Work to be completed:
Could you copy out all of the entries exactly?

*** Records supplied ***

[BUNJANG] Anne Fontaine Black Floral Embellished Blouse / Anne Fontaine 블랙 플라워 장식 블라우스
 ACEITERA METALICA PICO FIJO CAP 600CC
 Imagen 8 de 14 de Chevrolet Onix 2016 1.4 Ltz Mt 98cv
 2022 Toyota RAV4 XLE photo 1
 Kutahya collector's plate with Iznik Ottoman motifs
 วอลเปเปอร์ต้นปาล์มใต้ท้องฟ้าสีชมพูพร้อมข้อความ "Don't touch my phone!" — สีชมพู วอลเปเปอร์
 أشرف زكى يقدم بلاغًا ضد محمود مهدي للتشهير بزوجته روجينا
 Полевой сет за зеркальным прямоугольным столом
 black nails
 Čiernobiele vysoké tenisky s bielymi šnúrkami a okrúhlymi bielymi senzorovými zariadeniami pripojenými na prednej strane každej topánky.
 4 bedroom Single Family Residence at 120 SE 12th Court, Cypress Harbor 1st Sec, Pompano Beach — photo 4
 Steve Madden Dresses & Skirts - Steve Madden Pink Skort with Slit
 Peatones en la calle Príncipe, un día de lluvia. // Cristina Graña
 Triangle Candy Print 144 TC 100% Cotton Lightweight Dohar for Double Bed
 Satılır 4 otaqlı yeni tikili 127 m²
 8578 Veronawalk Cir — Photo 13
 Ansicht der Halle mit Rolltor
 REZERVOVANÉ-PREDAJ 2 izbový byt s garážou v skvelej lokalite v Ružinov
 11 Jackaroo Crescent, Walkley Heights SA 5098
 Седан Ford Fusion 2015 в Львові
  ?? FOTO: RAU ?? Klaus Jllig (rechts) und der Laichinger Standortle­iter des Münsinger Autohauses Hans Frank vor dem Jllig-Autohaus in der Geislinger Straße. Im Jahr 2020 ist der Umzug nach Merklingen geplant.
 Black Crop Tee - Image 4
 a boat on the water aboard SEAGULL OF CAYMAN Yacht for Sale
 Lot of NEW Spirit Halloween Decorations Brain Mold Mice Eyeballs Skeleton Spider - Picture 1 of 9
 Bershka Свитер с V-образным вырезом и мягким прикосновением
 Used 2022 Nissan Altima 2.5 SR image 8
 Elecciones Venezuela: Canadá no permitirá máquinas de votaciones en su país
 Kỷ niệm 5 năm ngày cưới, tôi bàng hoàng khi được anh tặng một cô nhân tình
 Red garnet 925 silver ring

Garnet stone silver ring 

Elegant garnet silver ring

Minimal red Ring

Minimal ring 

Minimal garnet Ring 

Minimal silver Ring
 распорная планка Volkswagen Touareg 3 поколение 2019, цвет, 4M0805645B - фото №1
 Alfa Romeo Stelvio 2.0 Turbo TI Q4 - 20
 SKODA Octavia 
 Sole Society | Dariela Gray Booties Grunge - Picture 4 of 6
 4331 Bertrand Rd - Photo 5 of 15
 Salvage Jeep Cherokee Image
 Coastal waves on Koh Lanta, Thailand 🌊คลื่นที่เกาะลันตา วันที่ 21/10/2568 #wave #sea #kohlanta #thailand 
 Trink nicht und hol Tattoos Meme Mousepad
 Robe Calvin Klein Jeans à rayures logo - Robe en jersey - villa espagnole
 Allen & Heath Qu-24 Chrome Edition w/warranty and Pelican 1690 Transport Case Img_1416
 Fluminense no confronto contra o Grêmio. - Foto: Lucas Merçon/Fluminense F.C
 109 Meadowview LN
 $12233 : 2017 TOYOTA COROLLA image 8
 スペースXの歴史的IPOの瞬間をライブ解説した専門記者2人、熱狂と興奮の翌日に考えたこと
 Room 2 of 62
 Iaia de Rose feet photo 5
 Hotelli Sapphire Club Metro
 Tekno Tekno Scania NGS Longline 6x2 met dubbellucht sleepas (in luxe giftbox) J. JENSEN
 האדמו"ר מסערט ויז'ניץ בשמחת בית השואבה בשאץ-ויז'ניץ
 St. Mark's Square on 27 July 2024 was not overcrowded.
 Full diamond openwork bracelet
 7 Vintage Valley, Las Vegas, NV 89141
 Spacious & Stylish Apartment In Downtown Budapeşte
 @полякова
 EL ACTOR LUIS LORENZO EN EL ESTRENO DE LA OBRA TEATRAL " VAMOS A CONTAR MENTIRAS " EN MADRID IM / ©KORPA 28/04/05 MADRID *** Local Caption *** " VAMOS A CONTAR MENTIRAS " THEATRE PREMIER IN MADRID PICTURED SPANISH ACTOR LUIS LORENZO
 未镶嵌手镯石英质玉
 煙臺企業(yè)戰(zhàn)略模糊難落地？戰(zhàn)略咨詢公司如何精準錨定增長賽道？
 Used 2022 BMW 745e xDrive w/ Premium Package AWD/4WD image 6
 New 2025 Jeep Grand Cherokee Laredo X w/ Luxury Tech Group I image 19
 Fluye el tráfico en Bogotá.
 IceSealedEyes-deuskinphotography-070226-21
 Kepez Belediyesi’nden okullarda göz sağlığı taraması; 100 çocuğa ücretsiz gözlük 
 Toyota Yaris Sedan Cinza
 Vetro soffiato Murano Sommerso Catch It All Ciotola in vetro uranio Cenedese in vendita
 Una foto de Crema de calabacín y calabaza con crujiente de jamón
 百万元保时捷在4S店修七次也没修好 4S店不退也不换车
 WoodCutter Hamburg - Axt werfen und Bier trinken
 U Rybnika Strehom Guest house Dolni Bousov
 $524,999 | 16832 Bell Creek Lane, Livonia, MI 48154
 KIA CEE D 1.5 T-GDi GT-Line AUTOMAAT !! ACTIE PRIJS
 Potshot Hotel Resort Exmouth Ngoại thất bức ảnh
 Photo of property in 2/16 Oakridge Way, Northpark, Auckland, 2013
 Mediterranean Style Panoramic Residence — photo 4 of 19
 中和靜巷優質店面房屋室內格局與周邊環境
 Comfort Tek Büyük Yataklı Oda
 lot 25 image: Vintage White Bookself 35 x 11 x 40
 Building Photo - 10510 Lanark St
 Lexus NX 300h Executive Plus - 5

***

Solution to this exercise:
[BUNJANG] Anne Fontaine Black Floral Embellished Blouse / Anne Fontaine 블랙 플라워 장식 블라우스
 ACEITERA METALICA PICO FIJO CAP 600CC
 Imagen 8 de 14 de Chevrolet Onix 2016 1.4 Ltz Mt 98cv
 2022 Toyota RAV4 XLE photo 1
 Kutahya collector's plate with Iznik Ottoman motifs
 วอลเปเปอร์ต้นปาล์มใต้ท้องฟ้าสีชมพูพร้อมข้อความ "Don't touch my phone!" — สีชมพู วอลเปเปอร์
 أشرف زكى يقدم بلاغًا ضد محمود مهدي للتشهير بزوجته روجينا
 Полевой сет за зеркальным прямоугольным столом
 black nails
 Čiernobiele vysoké tenisky s bielymi šnúrkami a okrúhlymi bielymi senzorovými zariadeniami pripojenými na prednej strane každej topánky.
 4 bedroom Single Family Residence at 120 SE 12th Court, Cypress Harbor 1st Sec, Pompano Beach — photo 4
 Steve Madden Dresses & Skirts - Steve Madden Pink Skort with Slit
 Peatones en la calle Príncipe, un día de lluvia. // Cristina Graña
 Triangle Candy Print 144 TC 100% Cotton Lightweight Dohar for Double Bed
 Satılır 4 otaqlı yeni tikili 127 m²
 8578 Veronawalk Cir — Photo 13
 Ansicht der Halle mit Rolltor
 REZERVOVANÉ-PREDAJ 2 izbový byt s garážou v skvelej lokalite v Ružinov
 11 Jackaroo Crescent, Walkley Heights SA 5098
 Седан Ford Fusion 2015 в Львові
  ?? FOTO: RAU ?? Klaus Jllig (rechts) und der Laichinger Standortle­iter des Münsinger Autohauses Hans Frank vor dem Jllig-Autohaus in der Geislinger Straße. Im Jahr 2020 ist der Umzug nach Merklingen geplant.
 Black Crop Tee - Image 4
 a boat on the water aboard SEAGULL OF CAYMAN Yacht for Sale
 Lot of NEW Spirit Halloween Decorations Brain Mold Mice Eyeballs Skeleton Spider - Picture 1 of 9
 Bershka Свитер с V-образным вырезом и мягким прикосновением
 Used 2022 Nissan Altima 2.5 SR image 8
 Elecciones Venezuela: Canadá no permitirá máquinas de votaciones en su país
 Kỷ niệm 5 năm ngày cưới, tôi bàng hoàng khi được anh tặng một cô nhân tình
 Red garnet 925 silver ring

Garnet stone silver ring 

Elegant garnet silver ring

Minimal red Ring

Minimal ring 

Minimal garnet Ring 

Minimal silver Ring
 распорная планка Volkswagen Touareg 3 поколение 2019, цвет, 4M0805645B - фото №1
 Alfa Romeo Stelvio 2.0 Turbo TI Q4 - 20
 SKODA Octavia 
 Sole Society | Dariela Gray Booties Grunge - Picture 4 of 6
 4331 Bertrand Rd - Photo 5 of 15
 Salvage Jeep Cherokee Image
 Coastal waves on Koh Lanta, Thailand 🌊คลื่นที่เกาะลันตา วันที่ 21/10/2568 #wave #sea #kohlanta #thailand 
 Trink nicht und hol Tattoos Meme Mousepad
 Robe Calvin Klein Jeans à rayures logo - Robe en jersey - villa espagnole
 Allen & Heath Qu-24 Chrome Edition w/warranty and Pelican 1690 Transport Case Img_1416
 Fluminense no confronto contra o Grêmio. - Foto: Lucas Merçon/Fluminense F.C
 109 Meadowview LN
 $12233 : 2017 TOYOTA COROLLA image 8
 スペースXの歴史的IPOの瞬間をライブ解説した専門記者2人、熱狂と興奮の翌日に考えたこと
 Room 2 of 62
 Iaia de Rose feet photo 5
 Hotelli Sapphire Club Metro
 Tekno Tekno Scania NGS Longline 6x2 met dubbellucht sleepas (in luxe giftbox) J. JENSEN
 האדמו"ר מסערט ויז'ניץ בשמחת בית השואבה בשאץ-ויז'ניץ
 St. Mark's Square on 27 July 2024 was not overcrowded.
 Full diamond openwork bracelet
 7 Vintage Valley, Las Vegas, NV 89141
 Spacious & Stylish Apartment In Downtown Budapeşte
 @полякова
 EL ACTOR LUIS LORENZO EN EL ESTRENO DE LA OBRA TEATRAL " VAMOS A CONTAR MENTIRAS " EN MADRID IM / ©KORPA 28/04/05 MADRID *** Local Caption *** " VAMOS A CONTAR MENTIRAS " THEATRE PREMIER IN MADRID PICTURED SPANISH ACTOR LUIS LORENZO
 未镶嵌手镯石英质玉
 煙臺企業(yè)戰(zhàn)略模糊難落地？戰(zhàn)略咨詢公司如何精準錨定增長賽道？
 Used 2022 BMW 745e xDrive w/ Premium Package AWD/4WD image 6
 New 2025 Jeep Grand Cherokee Laredo X w/ Luxury Tech Group I image 19
 Fluye el tráfico en Bogotá.
 IceSealedEyes-deuskinphotography-070226-21
 Kepez Belediyesi’nden okullarda göz sağlığı taraması; 100 çocuğa ücretsiz gözlük 
 Toyota Yaris Sedan Cinza
 Vetro soffiato Murano Sommerso Catch It All Ciotola in vetro uranio Cenedese in vendita
 Una foto de Crema de calabacín y calabaza con crujiente de jamón
 百万元保时捷在4S店修七次也没修好 4S店不退也不换车
 WoodCutter Hamburg - Axt werfen und Bier trinken
 U Rybnika Strehom Guest house Dolni Bousov
 $524,999 | 16832 Bell Creek Lane, Livonia, MI 48154
 KIA CEE D 1.5 T-GDi GT-Line AUTOMAAT !! ACTIE PRIJS
 Potshot Hotel Resort Exmouth Ngoại thất bức ảnh
 Photo of property in 2/16 Oakridge Way, Northpark, Auckland, 2013
 Mediterranean Style Panoramic Residence — photo 4 of 19
 中和靜巷優質店面房屋室內格局與周邊環境
 Comfort Tek Büyük Yataklı Oda
 lot 25 image: Vintage White Bookself 35 x 11 x 40
 Building Photo - 10510 Lanark St
 Lexus NX 300h Executive Plus - 5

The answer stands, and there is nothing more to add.